(INFORMATION PROVIDED):
□ □ □

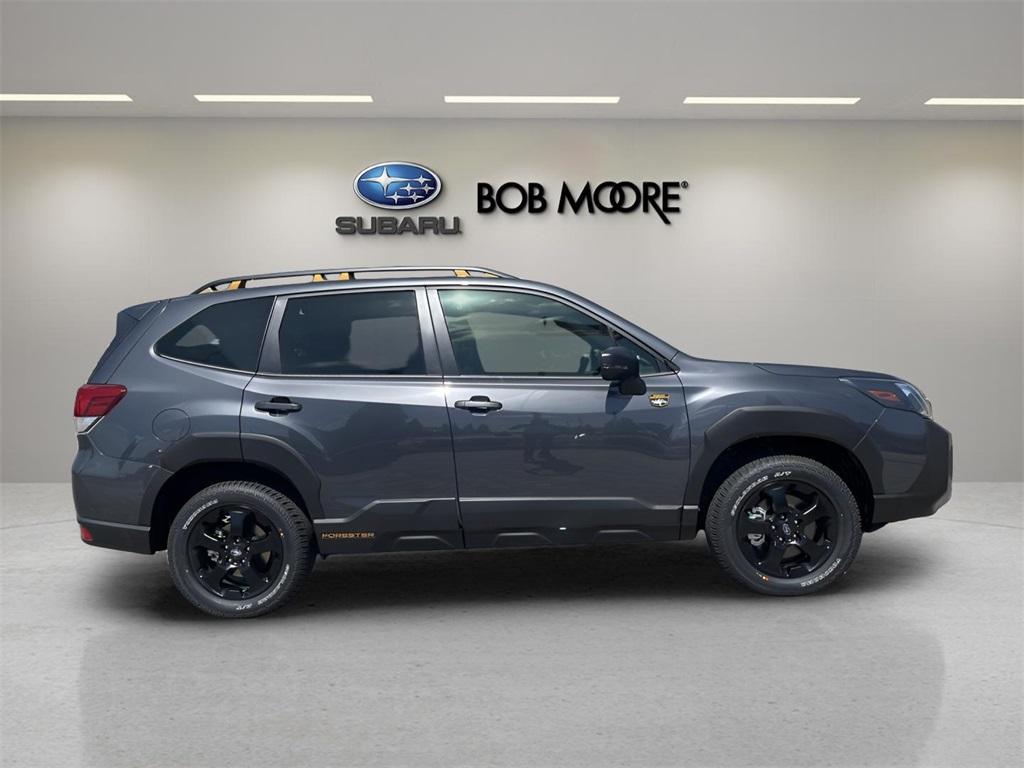 new 2025 Subaru Forester car, priced at $39,115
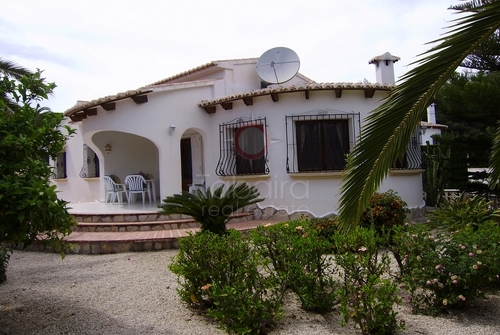 Villa - Verkauf - Benitachell  - Benitachell/Benitatxell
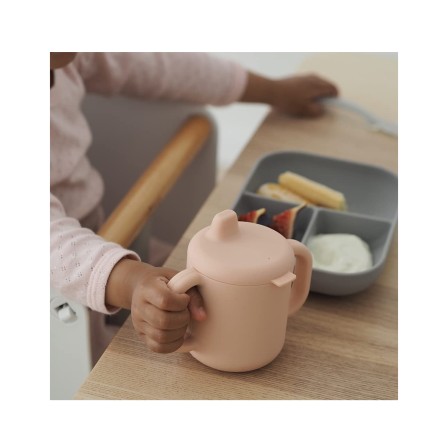 TAÇA DE APREDIZAGEM DE SILICONE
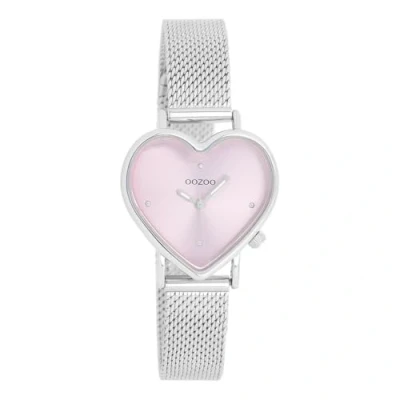 Imagen de OOZOO Mujeres Reloj Plata C11414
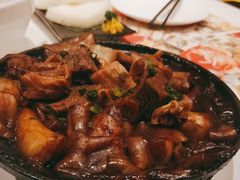 煲仔牛腩猪肠粉-虾饺妹·酒家(金碧店)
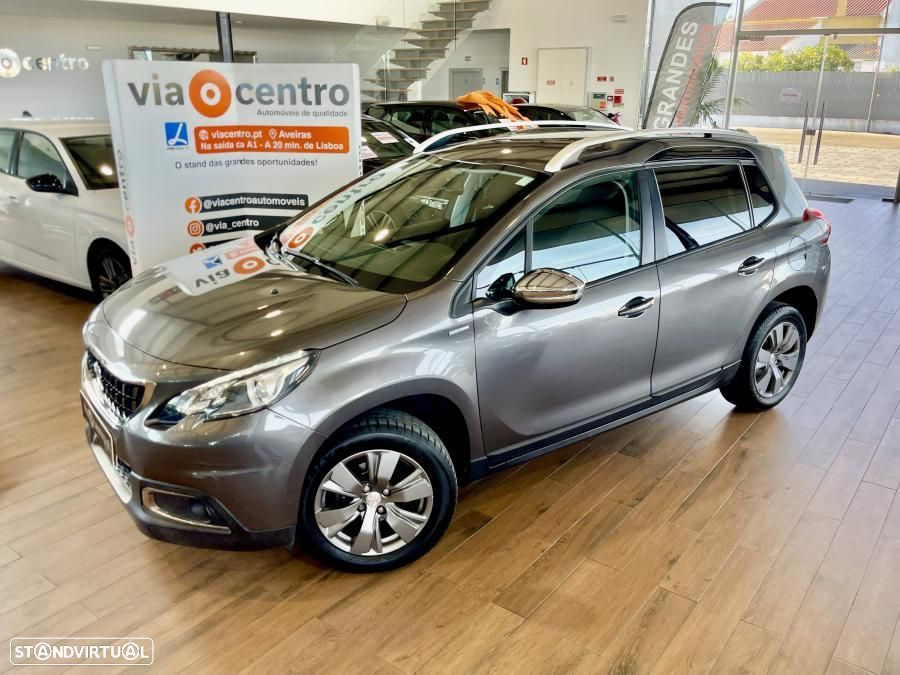 Peugeot 2008 1.2 PureTech Style - 5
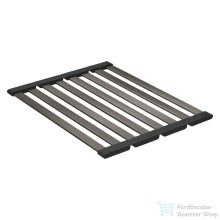   Grohe 45x34,8 cm-es rozsdamentes csepegtető,Brushed Hard Graphite 40856AL0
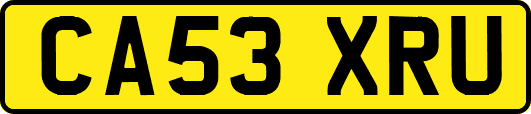 CA53XRU
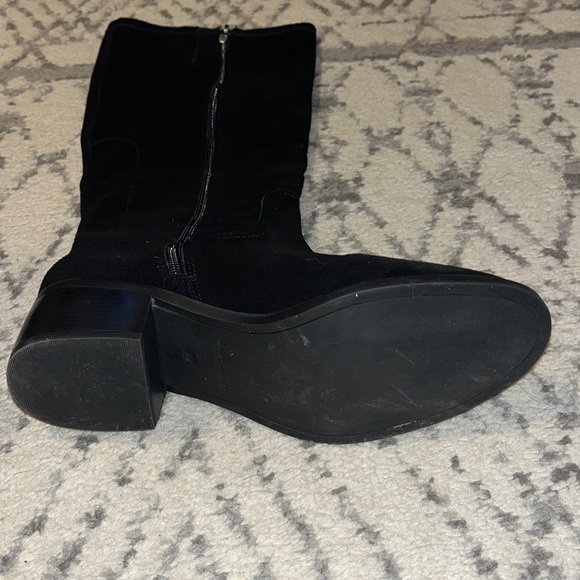 Marc Fisher Suede Boots - Picture 6 of 10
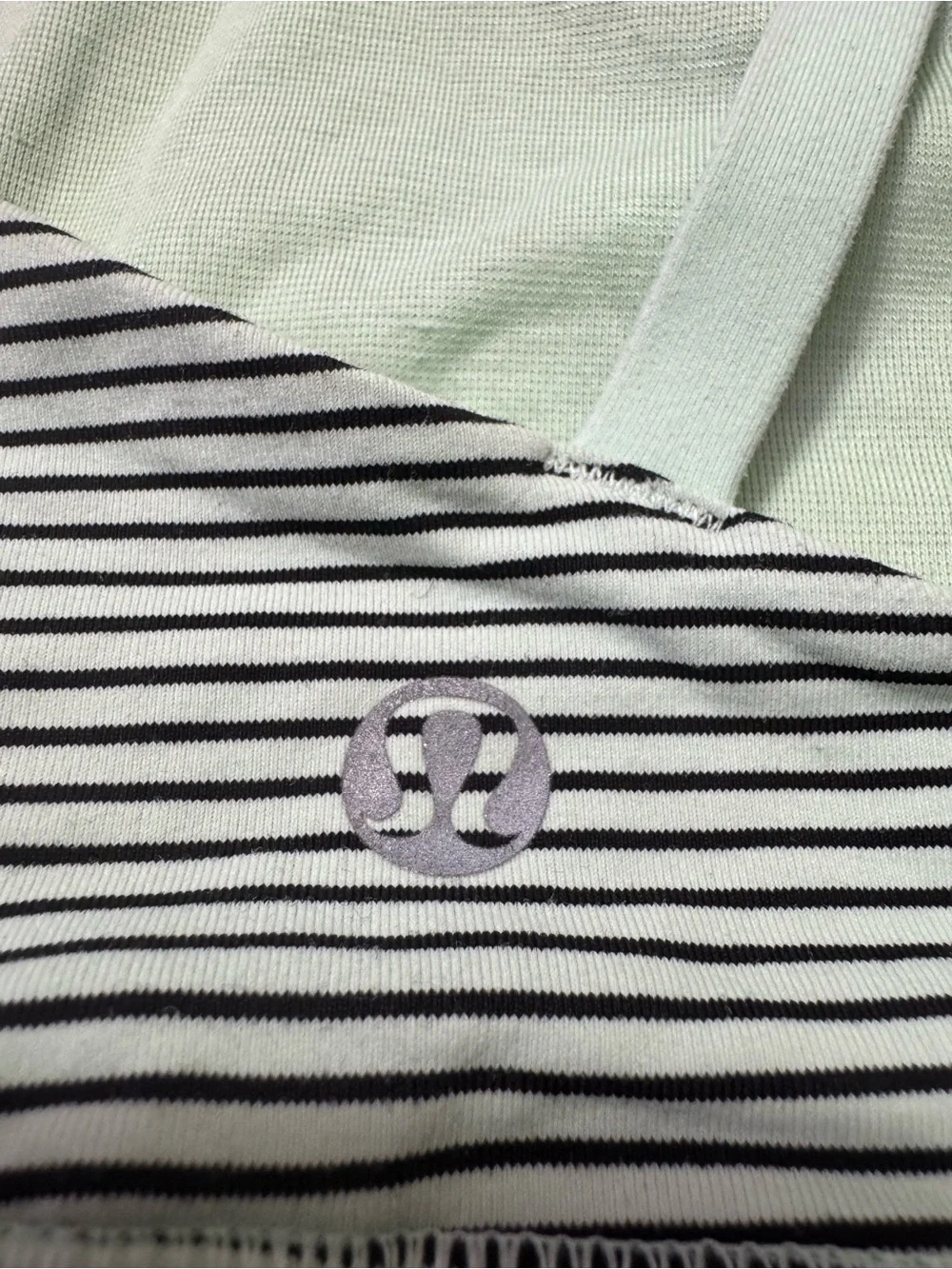 VTG Lululemon Energy Bra
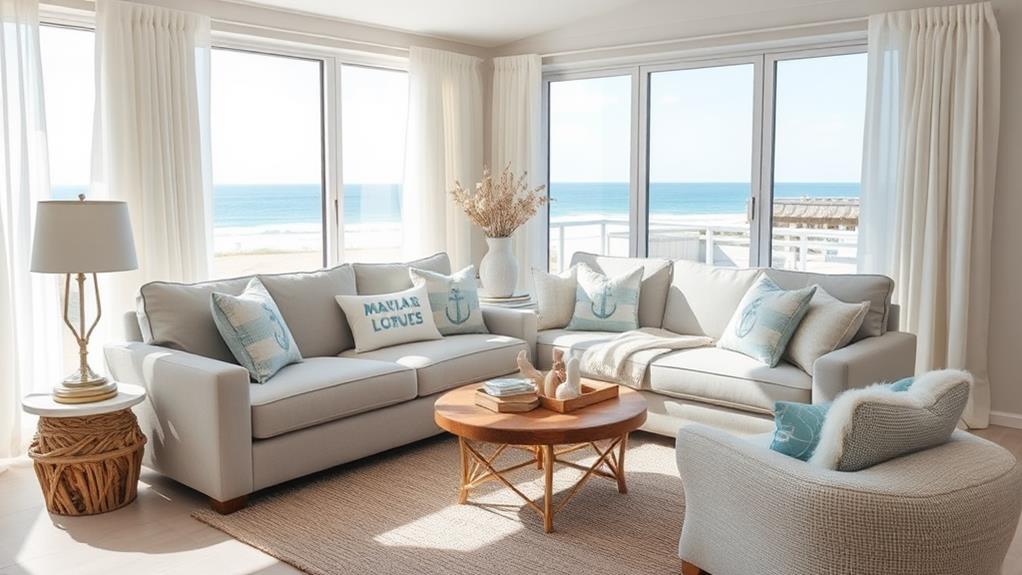 beachy home decor style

□ □ □

(WHAT TO WORK ON):
Please set the records down again exactly as written. The pictures should not be included.

(RESPONSE):
 new 2025 Subaru Forester car, priced at $39,115
 Villa - Verkauf - Benitachell  - Benitachell/Benitatxell
 TAÇA DE APREDIZAGEM DE SILICONE
 Imagen de OOZOO Mujeres Reloj Plata C11414
 煲仔牛腩猪肠粉-虾饺妹·酒家(金碧店)
 Peugeot 2008 1.2 PureTech Style - 5
   Grohe 45x34,8 cm-es rozsdamentes csepegtető,Brushed Hard Graphite 40856AL0
 CA53XRU
 Marc Fisher Suede Boots - Picture 6 of 10
 VTG Lululemon Energy Bra
 beachy home decor style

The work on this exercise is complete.